The Disney studios have been accused of copyright infringement over the use of certain themes in their 2016 animated film "Zootopia". American screenwriter Gary Goldman, whose work includes "Minority Report" and "Big Trouble in Little China", has alleged that Disney stole various ideas from a project which he first developed in 2000 and subsequently pitched to Disney executives in 2000 and 2009.
In his claim, Goldman launched an attack on the Disney studios, alleging the company has developed a culture which promotes the unauthorized copying of work rather than lawfully acquiring if for use. Disney has denied the claim and stated it will defend it at court.
Goldman's lawsuit alleges that Disney stole character designs, themes, lines of dialogue, and even the name "Zootopia". Goldman claims that his concept would revolve around a human animator whom creates a cartoon animal world which would reflect human society, including both a class system and power structure based upon the characteristics of each different species.
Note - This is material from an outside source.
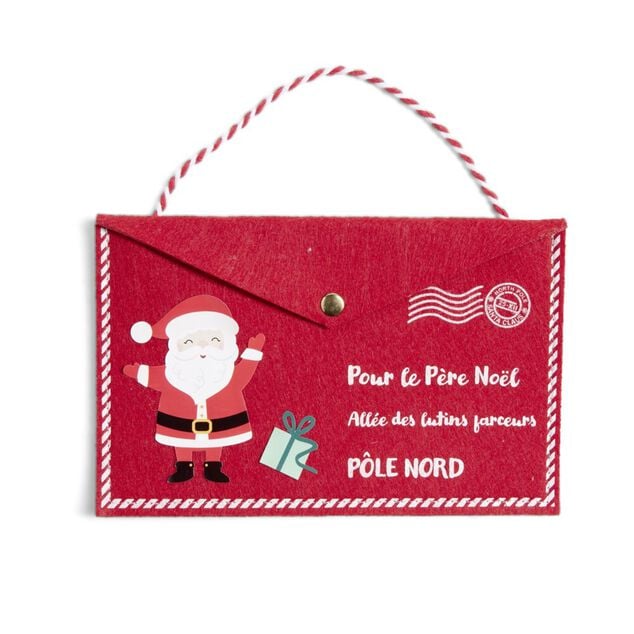 Enveloppe en feutrine pour le p&egrave;re No&euml;l (2 mod&egrave;les)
In interviews regarding the film, director Bryon Howard suggested that the initial ideas for the film arose in 2010 when he pitched several ideas of talking animals to Disney Animation production bosses. Howard also stated that the project began as a spy movie featuring a rabbit but eventually evolved into a detective story starring a rabbit and fox. It was this latter format which the premise of "Zootopia" became based upon.
Since its release in 2016, "Zootopia" has made over $1bn worldwide and last month won an Oscar for the best animated film. Disney have refuted Goldman's claims and have made clear their position that the lawsuit is comprised of false allegations which the studio will defend against in court.